As before stated, there is no allegation in the complaint and no proof on the trial that the agreement was made by the defendant, or in its behalf by its officers or by persons authorized to represent it, to issue its stock to the plaintiff. If the plaintiff rendered any services to the company or its officers he could recover for the value of the services rendered, but I cannot find any provision in the contract that imposes any obligation on the corporation. If the corporation employed the plaintiff to render services, it would be bound to pay him the value of those services. If these individuals wished him to accept a portion of their stock for the- services that he was to render to the corporation they had a perfect right to make *95such an agreement, and it could be enforced as against them. But I do not think there was at any time any contract, either made by the defendant corporation, or in its behalf by its officers or other persons authorized to represent it, or which imposed on defendant any obligation, or which created any obligation, which defendant ratified or confirmed, by which plaintiff was entitled to any shares of the capital stock from the corporation.

I think no cause of action was either alleged or proved against the defendant corporation, and it follows, therefore, that the judgment appealed from should be reversed, with costs, and the complaint dismissed, with costs.

Scott and Dowling, JJ., concurred; Olarke, J., taking no part; Hotchkiss, J., dissented.






Dissenting Opinion

Hotchkiss, J. (dissenting):

I think the judgment should be affirmed.
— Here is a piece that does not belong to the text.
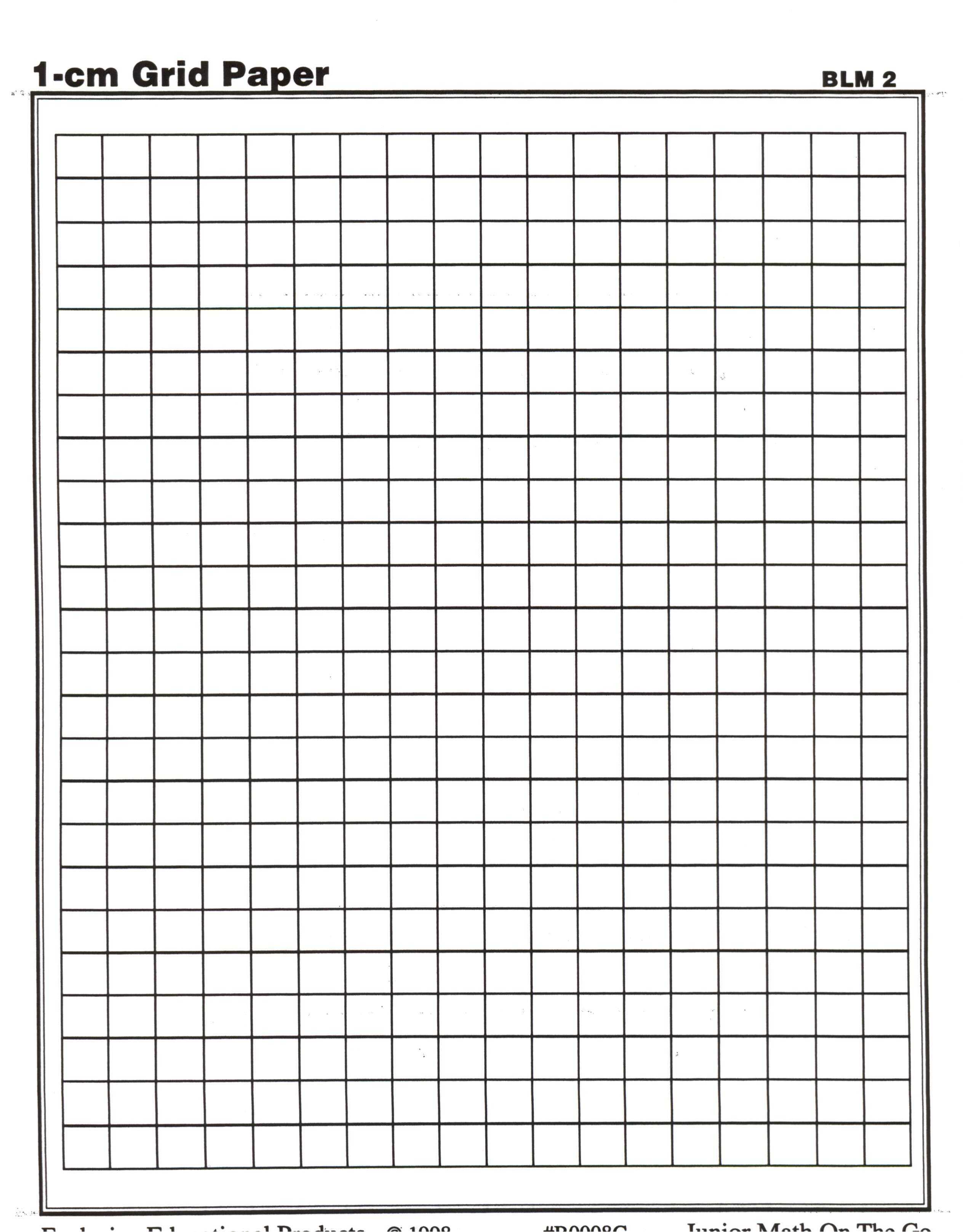 Centimeter Graph Paper | Math Teaching Ideas | Printable Within 1 Cm Graph Paper Template Word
Lyon, Cook, Canning and Felter as promoters of the company agreed together immediately prior to its incorporation that plaintiff should have twenty-five shares of stock in payment for the amounts to become due * * * for services to be rendered * * * to the company ” to its satisfaction. On its incorporation the above-named promoters became officers and directors of the company.

Cook, vice-president, swears that after the company was incorporated plaintiff was told of the arrangement. Plaintiff confirms him, and both say that in view of this arrangement and presumably in faith thereof, plaintiff was asked to open the books of the company, which he did, and performed other services as well. This seems to me to show acceptance of the contract by the plaintiff and the adoption thereof by the company. Plaintiff performed all the services required of him, and stood ready to perform such further services as might be required, and his action is one for damages for the breach of the contract. I do not think the Stock Corporation Law has anything to do with the case. Proof that all of the stock was issued and that the company was unable to issue to plaintiff any stock would have been no defense, because in such case he would be entitled to the value of the stock at the time he became entitled to receive it. As to the extent of plaintiff’s right to *96recover it might be argued that under the peculiar form of the agreement plaintiff was not entitled to claim twenty-five shares of stock for any service he might render, however small, and that the contract might be construed as an agreement to appropriate twenty-five shares, of which he was to receive so much as might represent the value of the services he might render. But the court charged the jury as follows: “ The question is, were the services which Cook employed the plaintiff to perform with regard to the books, the services contemplated and intended in this agreement,” and this question the jury must be assumed to have answered in plaintiff’s favor. On this theory the recovery was right, and the exclusion of the testimony offered by defendant to show the value of the services actually rendered by plaintiff was correct.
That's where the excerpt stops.